Could you give the data that follows again exactly, without its pictures?

(Information shown Opens)

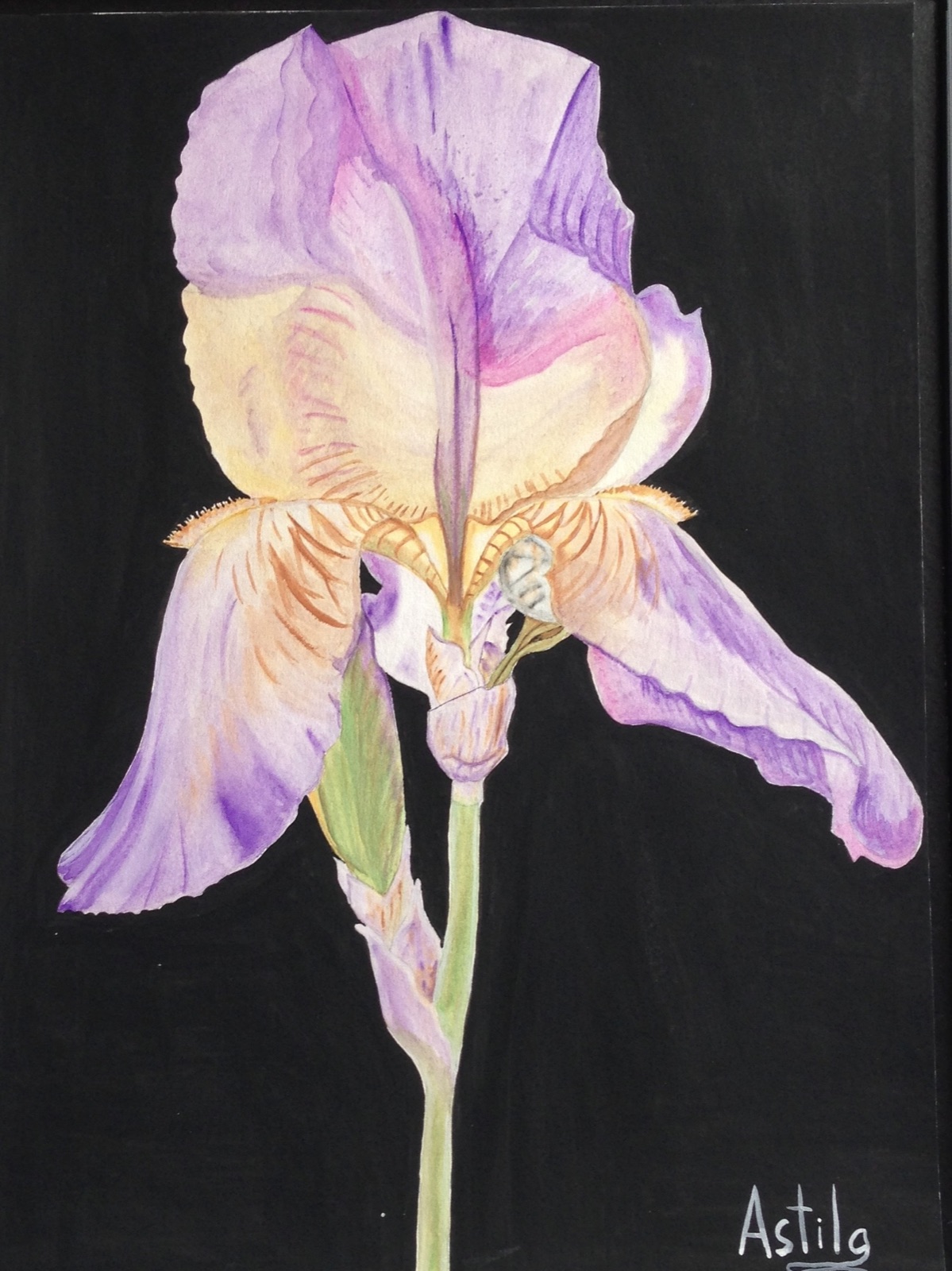 Lavender Iris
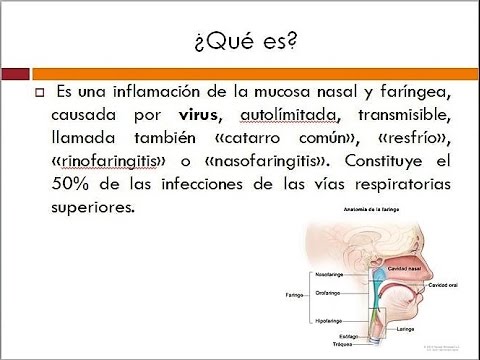 Resfriado común (Agentes infecciosos, cuadro clínico y Tratamiento) Infectologia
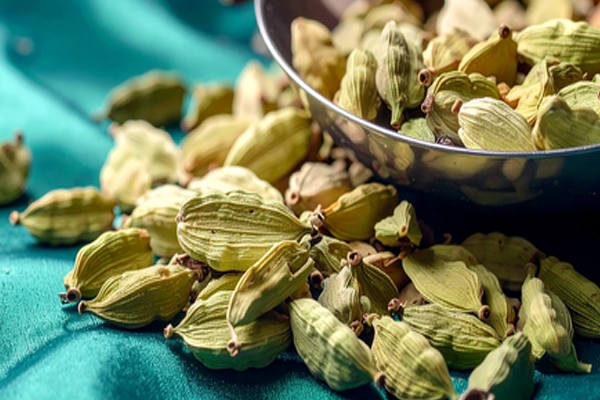 ઉનાળામાં ઈલાયચી કોઈ વરદાનથી ઓછી નથી, તે ગળાના ખરાશથી લઈને મોઢાના ચાંદામાં રાહત આપે છે. गर्मियों में वरदान से कम नहीं इलायची, गले की खराश से लेकर मुंह के छाले तक में दे राहत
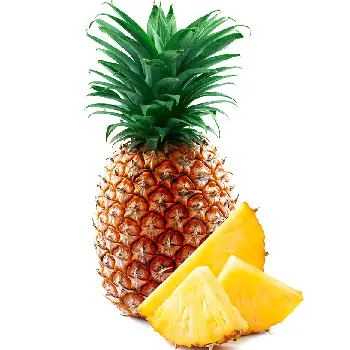 Pineapple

(Information shown Closes)

Response to the exercise
 Lavender Iris
 Resfriado común (Agentes infecciosos, cuadro clínico y Tratamiento) Infectologia
 ઉનાળામાં ઈલાયચી કોઈ વરદાનથી ઓછી નથી, તે ગળાના ખરાશથી લઈને મોઢાના ચાંદામાં રાહત આપે છે. गर्मियों में वरदान से कम नहीं इलायची, गले की खराश से लेकर मुंह के छाले तक में दे राहत
 Pineapple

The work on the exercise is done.